Aparecieron también en los cajones destinados al salón museo una gran esfera armilar de Tycho Brahe, un anteojo astronómico, un globo mapamundi, imitación del globo de Nancy; brújulas antiguas de marino, que al mismo tiempo servían de relojes de sol; un astrolabio de cobre, una ballestilla y un nocturlabio, instrumento que servía para saber la hora durante la noche por la altura de la Estrella Polar; sextantes, octantes, fanales y relojes de arena. Se encontraron también varios modelos de barcos de los que todavía hace años surcaban las aguas del Mediterráneo.
El doctor y Roberto preguntaron en varias partes dónde se podían seguir comprando algunos mascarones de proa, aparatos antiguos de náutica y modelos de barco. Los mascarones antiguos les dijeron todos que ya no se encontraban; quizá los aparatos de náutica viejos se hallarían en las tiendas de antigüedades y los modelos podrían hacerlos.
El joven O’Neil encontró en Palermo un carpintero de la Cala que exponía modelos de barcos en su tienda.
Entró Roberto a hablarle, y el carpintero le dijo que él no hacía más que los cascos; el que los arreglaba y les ponía las arboladuras era un torrero de un faro de la Punta del Hombre Muerto, no muy lejos de allí.

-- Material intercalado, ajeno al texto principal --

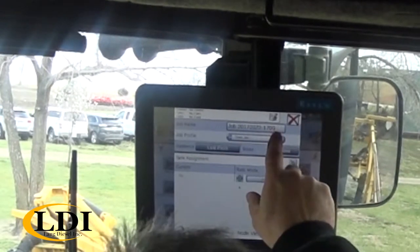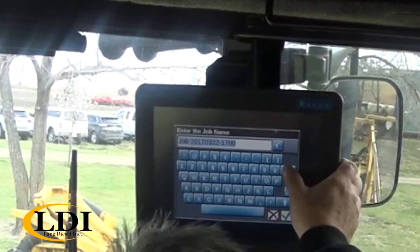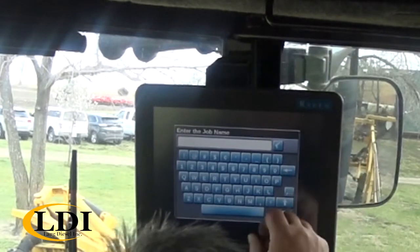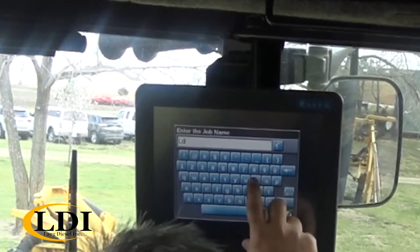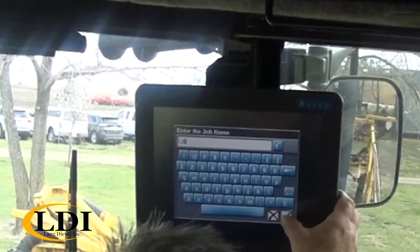Your job name — change that to whatever you want to put in. Add the scroll; we'll just use LVI today. Then hit the green arrow.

Roberto fue al faro de la Punta del Hombre Muerto y se encontró al torrero trabajando en una sala ancha, iluminada por un gran ventanal, sentado ante una mesa que tenía varios instrumentos y un tornillo de presión. Roberto le explicó lo que quería.

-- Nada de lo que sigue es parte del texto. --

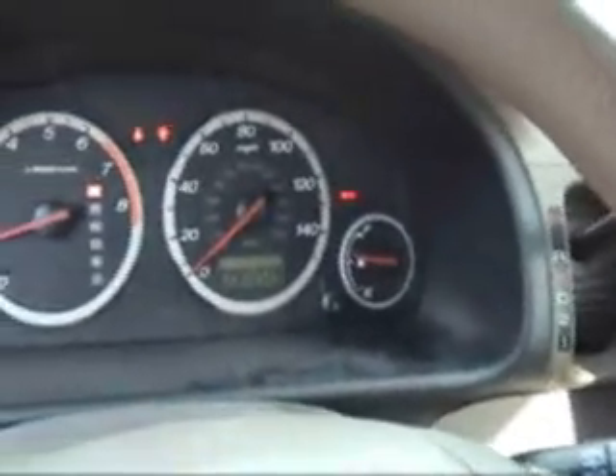Now I'm back inside the car. What I'm going to do is run the transmission through each of its gears, making sure all my brakes are on — parking brake and everything.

El torrero era un viejecito sonriente y amable. Sacó un álbum grande y fue mostrando a O’Neil los modelos que él hacía, con todos sus detalles. Estos modelos eran reproducciones de los barcos que navegaban en el Mediterráneo, tanto de los antiguos, ya casi desaparecidos, como de los modernos.
Había galeras, galeotas, carracas, galeones, carabelas, bergantines, polacras, místicos, y luego los barcos pequeños: el sándalo tunecino, la chitiha de los árabes, el jabeque, pintado de blanco, negro y azul; los cárabos, los laúdes, los faluchos, las tartanas, el schifazo siciliano; el speronara, la drahisa, la farella y el canotto malteses; la tarida, la sacoleva griega, pintada de amarillo; la paranzella italiana, con sus colores como la jáquima de un caballo, con figuras grotescas y con letras; el lento sardo, el filugone napolitano y el trabaccolo triestino, amén de otros barcos, como polacras, felucas y bombardas.
O’Neil eligió de estas embarcaciones las más típicas.
Además, Roberto quiso tener modelos de los barcos célebres, y encargó al torrero que le construyese en un tamaño de un metro el navío Argos, con los adornos que tenía, según la descripción de Valerio Flaco; el Bucentauro veneciano, las carabelas de Colón, de Doria y de don Juan de Austria; los bajeles berberiscos de Barbarroja y de Dragut; la nave con que Elcano dio la vuelta al mundo, y el Sovereign of The Sea, maravilla en su tiempo del arte naval.
—No tengo tiempo de hacer todo esto —dijo el torrero.
—¿No? ¿Por qué?
—Porque tardo bastante. Cada modelo de éstos tiene mucho detalle, y yo lo hago todo solo. Además, que pronto me van a retirar de torrero.
—¿Y eso qué importa para que trabaje usted?
—Es que quizá no tenga sitio, ni encargos tampoco.
—Hay una manera de resolver esa cuestión —dijo Roberto—, y es que vaya usted a vivir a mi casa cuando le retiren a usted, y allí sigue usted trabajando en esto mismo.
El torrero aceptó la proposición. Cuando le retiraran iría a vivir a la casa del Laberinto.
Varias veces Roberto fue al faro y vio trabajar al torrero.
Este torrero era un hombre que vivía solo. Una mujer de las cercanías le hacía la comida. Su gran diversión era hacer sus modelos. En unas cajitas guardaba sus poleas, sus ganchos, sus cabrestantes, sus gallardetes y sus banderas; todo en miniatura.
Tenía sus planchas de cobre para forrar los cascos, sus velas, sus mascarones de proa y sus mástiles.
En aquella soledad el torrero trabajaba. Roberto le dedicó una de sus poesías.